A few months later, at 17, she was married and forced to leave her family, friends and dreams behind to live with her husband and his parents in Canada. Within months, she was pregnant. Any flicker of hope for getting an education was extinguished. “It was like living in a dark world.”
Then came the abuse and oppression from both her husband and his family. “It was like living in a state of constant suffocation, constant fear and walking on eggshells,” she says. Worse yet, she was told by her family that this treatment was normal. Somehow, though, as the years went on and the abuse worsened, Zafar managed to keep her eye on the prize–education. She convinced her mother-in-law to allow her to work as a babysitter, and she slowly saved up enough money to enrol part-time at the University of Toronto at the age of 26.

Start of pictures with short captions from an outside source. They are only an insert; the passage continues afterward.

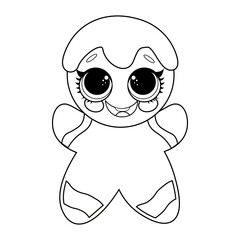 Christmas coloring book for children Gingerbread man.Colorful vector illustration, coloring book for kids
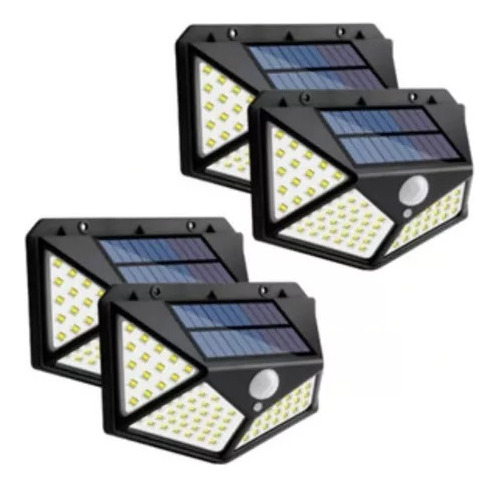 Lampara De Panel Solar Para Exteriores De 100 Led Sensor X4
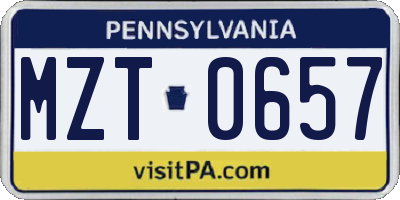 PA license plate MZT0657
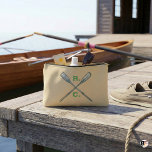 R.C. Initials Nautical Rowing Oars Zubehörtasche<br><div class="desc">Keep your essentials organized with this classic rowing-themed pouch. Featuring vintage-style crossed oars and green 'R.C.' initials on a durable beige canvas bag with a zipper closure. Perfect for holding cosmetics, pencils, or small accessories. A great gift idea for rowers, crew team members, or anyone who loves nautical style</div>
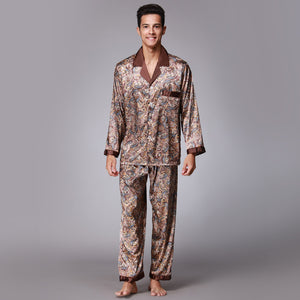 Coffee Long Sleeve Men's Pajama Print Silk Satin Summer Loungewear Set
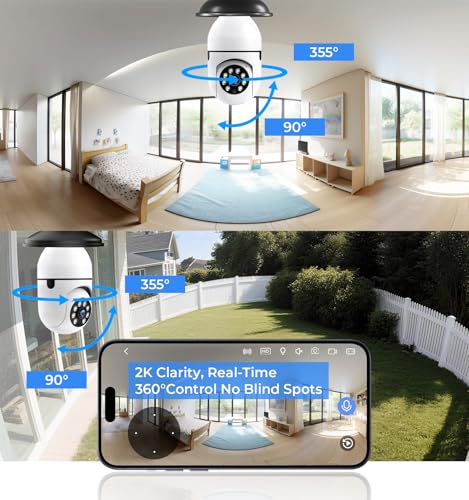 Image of Light Bulb Security Camera 2 Packs, 5G&2.4GHz 2K Security Cameras Wireless Outdoor 360 PTZ Cameras for Home Security with Color Night Vision, 2 Way Talk, AI Human Detection, Screw in Light Socket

There, she met mentors and friends who valued and appreciated her. “Suddenly, I was being treated with respect for those very things that I had been ridiculed for: my intelligence, my ambitions, my goals, my dreams and my individuality,” she says. Then one day, just a month into school, she noticed a flyer outside the campus bookstore. On it was a list of questions: “Do you feel intimidated? Do you feel like you don’t have a voice?” As she scanned the list, she realized she answered yes to every single question. A few days later she was talking to a counsellor about her home life. The counsellor listened, and reassured her that nothing she was describing was her fault. She also helped her learn about the intergenerational cycle of abuse. By tolerating the treatment she’d suffered at her husband’s hands, Zafar came to understand that she was setting up her two daughters to experience something similar. “I knew that I had to break that cycle,” she says, “if not for myself, for my girls.” After two years of counselling—and enduring twelve years of verbal, mental and physical abuse—she gained the courage to leave her husband for good. While her path wasn’t instantaneously easy, counselling continued to help her. “I still have many moments of self-doubt and guilt,” she says, adding that the trauma never really goes away. Instead, she learned how to move on with it—by developing skills to manage her way through difficult periods.

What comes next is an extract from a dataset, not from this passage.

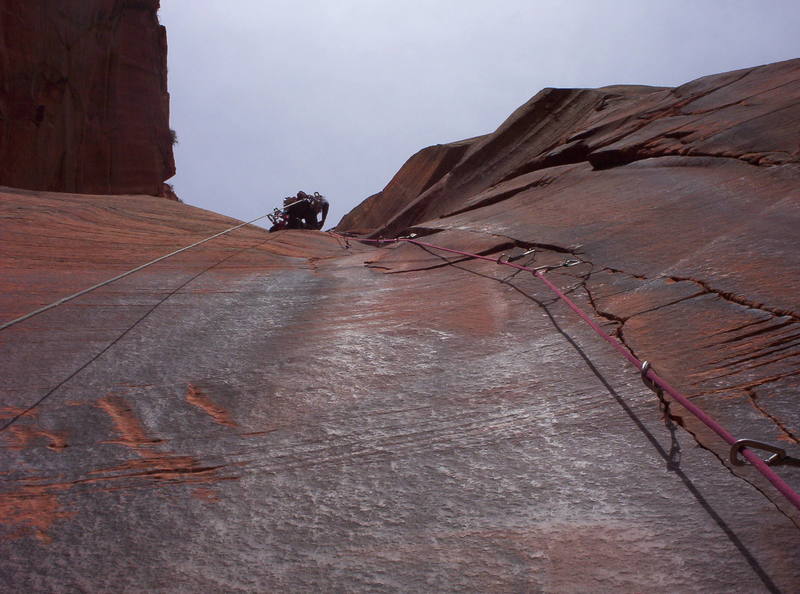 The Amoeba Pitch as seen from the belay anchors.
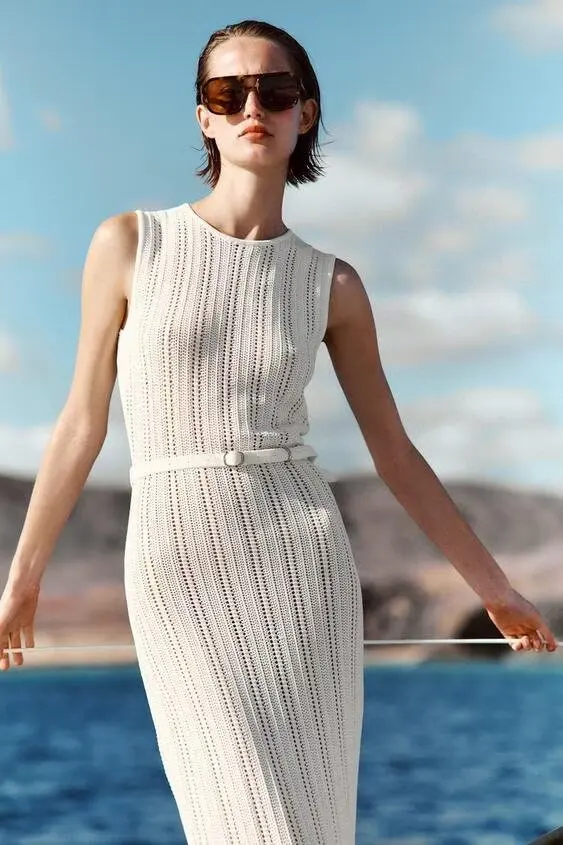 

BB6523 ZA25 Summer New Women's Faux Style Sleeveless Round Neck Belt Jacquard Mesh Knitted Midi Dress 0244003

In 2013, Zafar graduated from the University of Toronto at the top of her class and became the first woman of colour to win the John H. Moss Scholarship Fund. This honour is given to an outstanding student in Arts and Science at the University of Toronto who intends to pursue a second degree or graduate-level studies. Today, Zafar is an international speaker, a bestselling author, a mother of two girls, and a med student at McMaster University.
We believe that Samra Zafar’s journey can provide lessons to anyone experiencing difficult times of any sort. As a child bride she could have conformed to the expectations of her husband and his parents. Instead, she was able to find the strength to pursue her own path. As anyone who has struggled through difficult times knows, the road isn’t easy. “It’s very painful to walk away from people you’ve always sought approval from,” Zafar says. And while support systems exist in Canada, Zafar says the first person we need support and permission from is ourselves. “Because when you go against the normal, whatever that normal has been for you, it’s scary. And the biggest fear is the fear of the unknown: if I jump out of this plane, will my parachute open?”
Zafar now speaks about her experiences in the hopes it will help encourage others to build resilience to address the difficult situations they’re facing. “We all have courage within us. The choice is whether we use it or not,” she says. Being a single mother also taught Zafar the importance of putting herself first. “Your relationship with yourself is the foundation for your relationship with everyone else in your life.” Once you’ve established that base, she says, the next step is to seek out others to become your new support system.
“The more we connect with each other,” Zafar says, “the more collectively and individually resilient we will be, and the more we will be able to heal.” Finally, she believes that being kind to yourself represents an important first step toward building the resilience required to make a major life change. “There’s a lot of beauty after trauma and adversity,” says one of 2022’s Medcan Heroes. “I’m living proof of that. And my mission in life is to help others make that a reality for themselves as well.”